What to work on: Transcribe each entry in full, and leave the images out.

Dataset records:
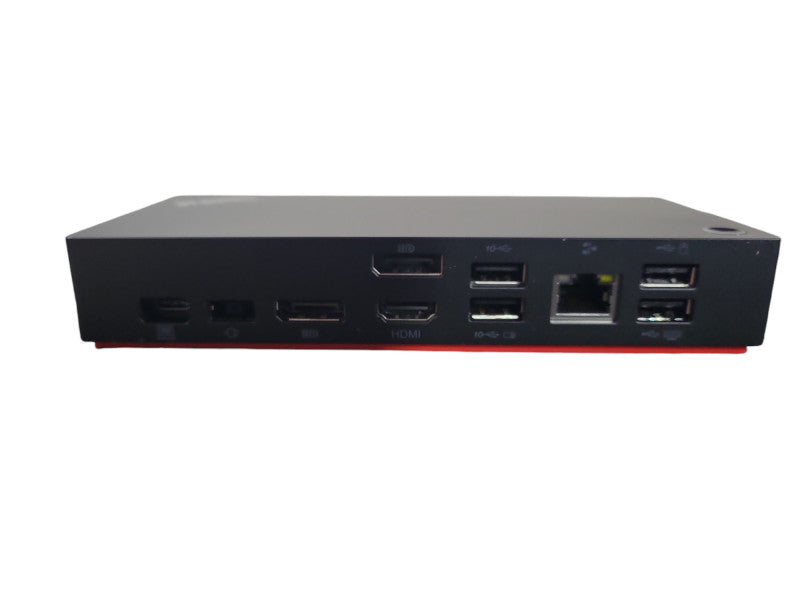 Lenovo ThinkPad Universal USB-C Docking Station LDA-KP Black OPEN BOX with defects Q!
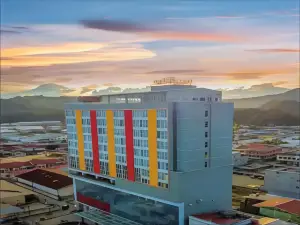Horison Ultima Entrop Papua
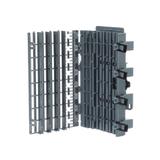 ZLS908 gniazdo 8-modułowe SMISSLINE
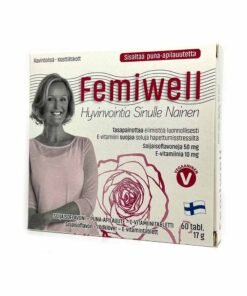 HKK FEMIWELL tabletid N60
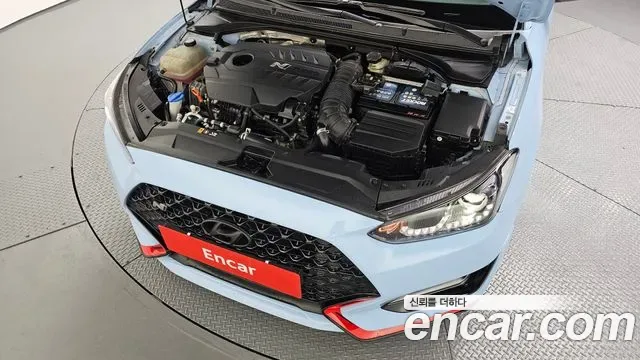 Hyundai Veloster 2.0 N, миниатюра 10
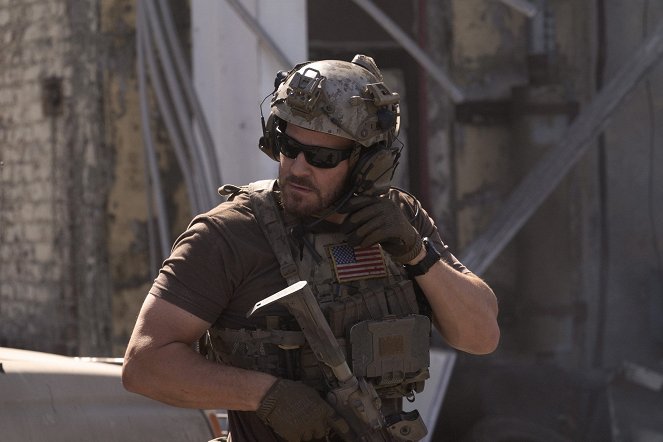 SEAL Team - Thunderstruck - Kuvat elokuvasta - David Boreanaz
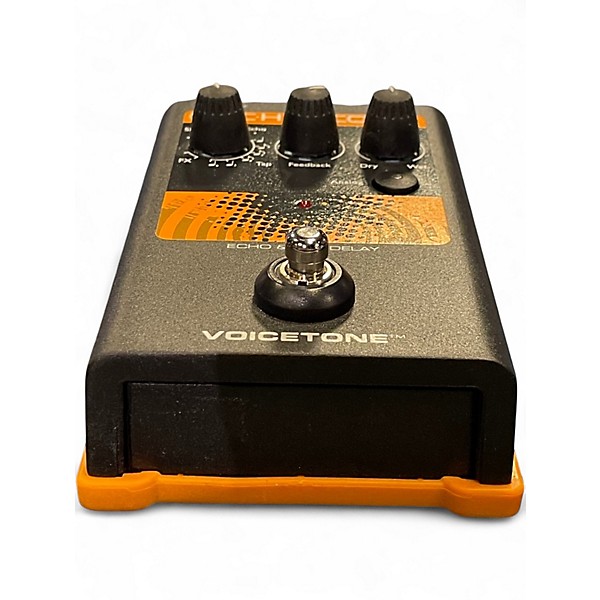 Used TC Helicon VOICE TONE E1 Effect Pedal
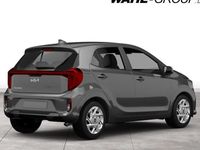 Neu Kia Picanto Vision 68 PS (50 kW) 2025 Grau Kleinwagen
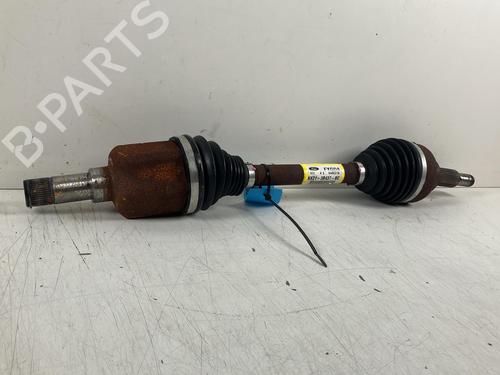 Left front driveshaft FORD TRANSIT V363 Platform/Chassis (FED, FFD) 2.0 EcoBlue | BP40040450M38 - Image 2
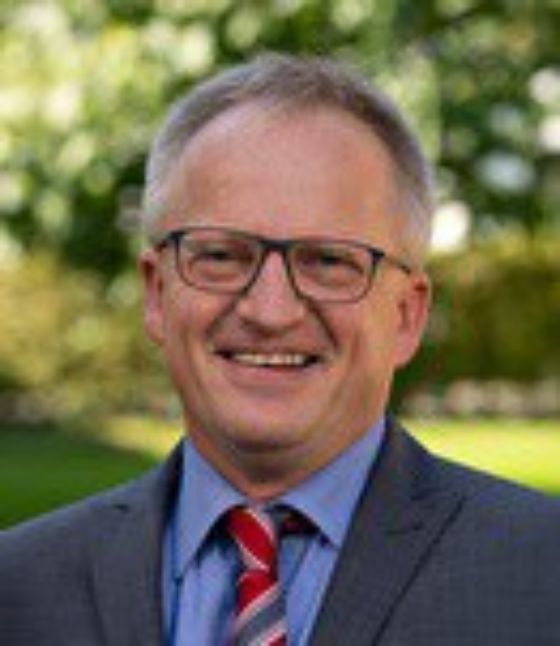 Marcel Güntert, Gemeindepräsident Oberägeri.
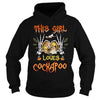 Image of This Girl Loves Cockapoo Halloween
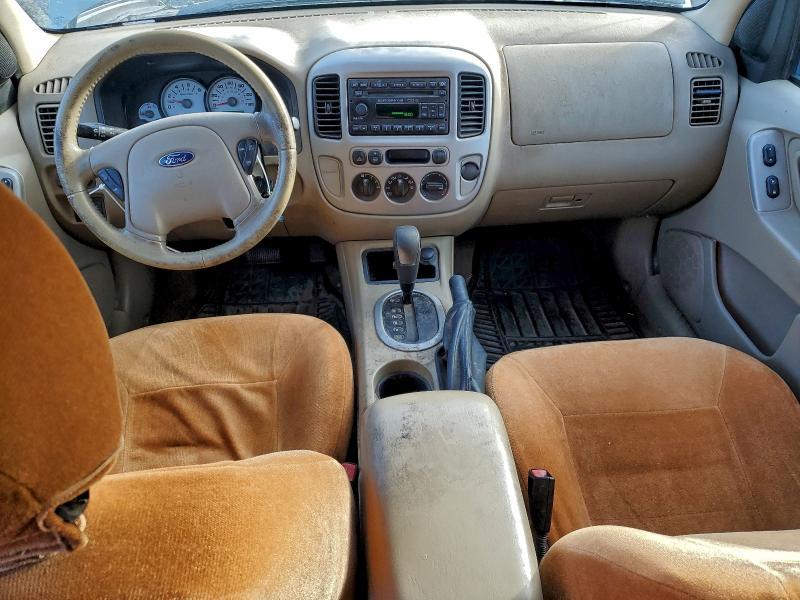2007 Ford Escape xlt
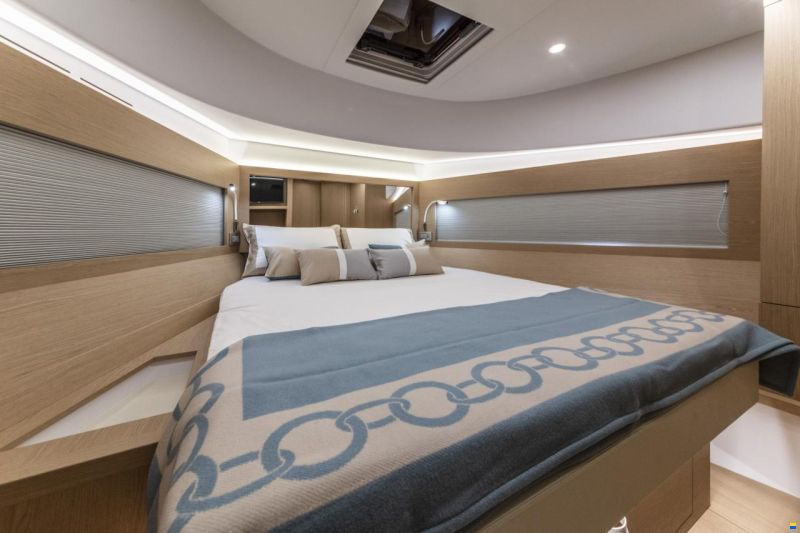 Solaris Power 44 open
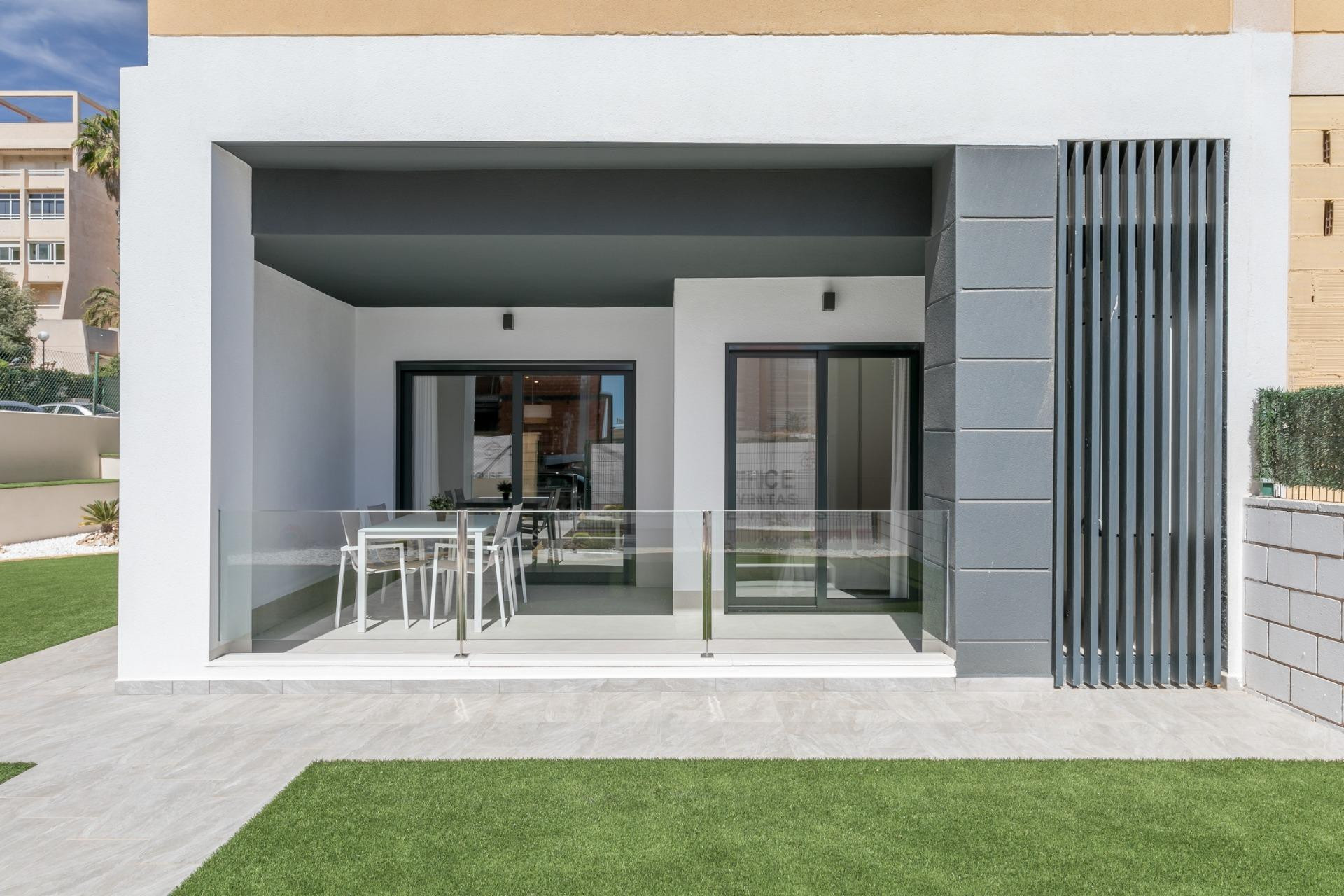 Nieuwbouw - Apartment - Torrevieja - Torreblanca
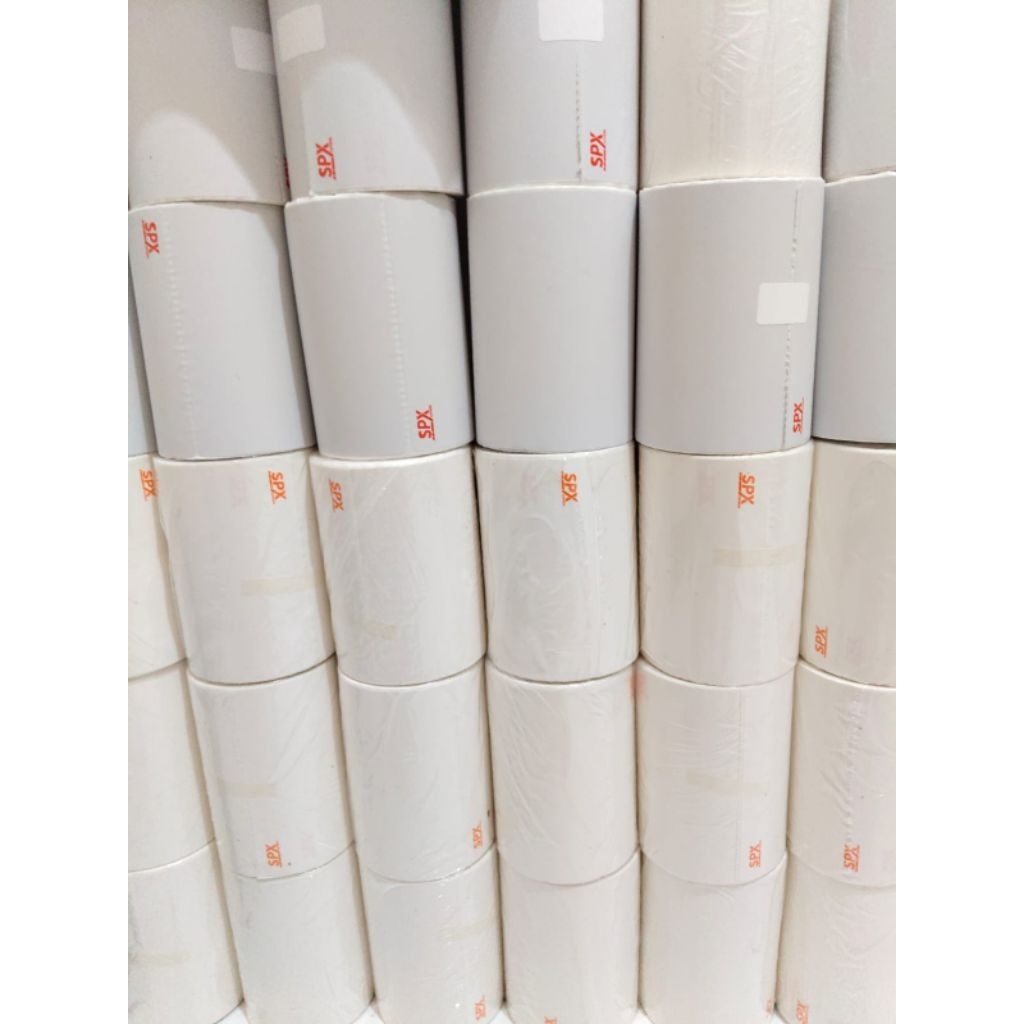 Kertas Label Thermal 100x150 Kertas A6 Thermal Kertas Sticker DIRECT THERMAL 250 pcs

Problem solution:
 Lenovo ThinkPad Universal USB-C Docking Station LDA-KP Black OPEN BOX with defects Q!
Horison Ultima Entrop Papua
 ZLS908 gniazdo 8-modułowe SMISSLINE
 HKK FEMIWELL tabletid N60
 Hyundai Veloster 2.0 N, миниатюра 10
 SEAL Team - Thunderstruck - Kuvat elokuvasta - David Boreanaz
 Used TC Helicon VOICE TONE E1 Effect Pedal
 Neu Kia Picanto Vision 68 PS (50 kW) 2025 Grau Kleinwagen
 Left front driveshaft FORD TRANSIT V363 Platform/Chassis (FED, FFD) 2.0 EcoBlue | BP40040450M38 - Image 2
 Marcel Güntert, Gemeindepräsident Oberägeri.
 Image of This Girl Loves Cockapoo Halloween
2007 Ford Escape xlt
 Solaris Power 44 open
 Nieuwbouw - Apartment - Torrevieja - Torreblanca
 Kertas Label Thermal 100x150 Kertas A6 Thermal Kertas Sticker DIRECT THERMAL 250 pcs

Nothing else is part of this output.